**PROBLEM DETAILS**
Your task is to write out every line of the data exactly. Drop the pictures.

**SOURCE MATERIAL**
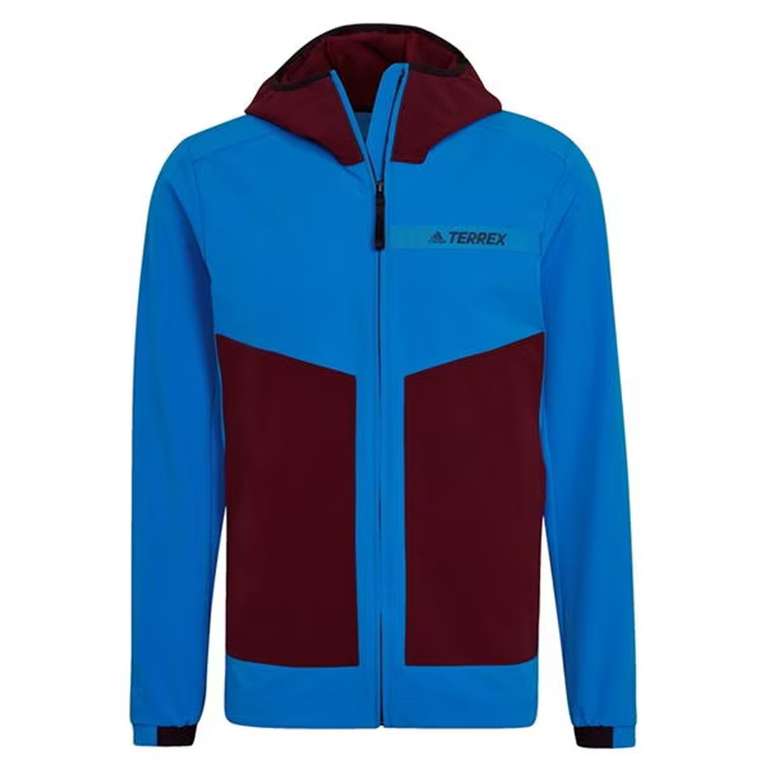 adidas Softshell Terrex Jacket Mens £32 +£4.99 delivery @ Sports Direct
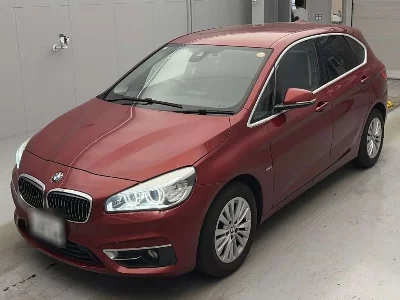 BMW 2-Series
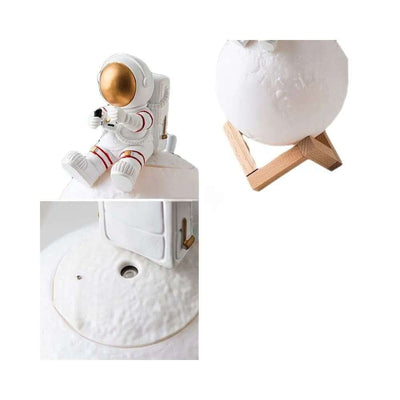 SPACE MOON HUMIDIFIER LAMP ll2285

**ANSWER AREA**
 adidas Softshell Terrex Jacket Mens £32 +£4.99 delivery @ Sports Direct
 BMW 2-Series
 SPACE MOON HUMIDIFIER LAMP ll2285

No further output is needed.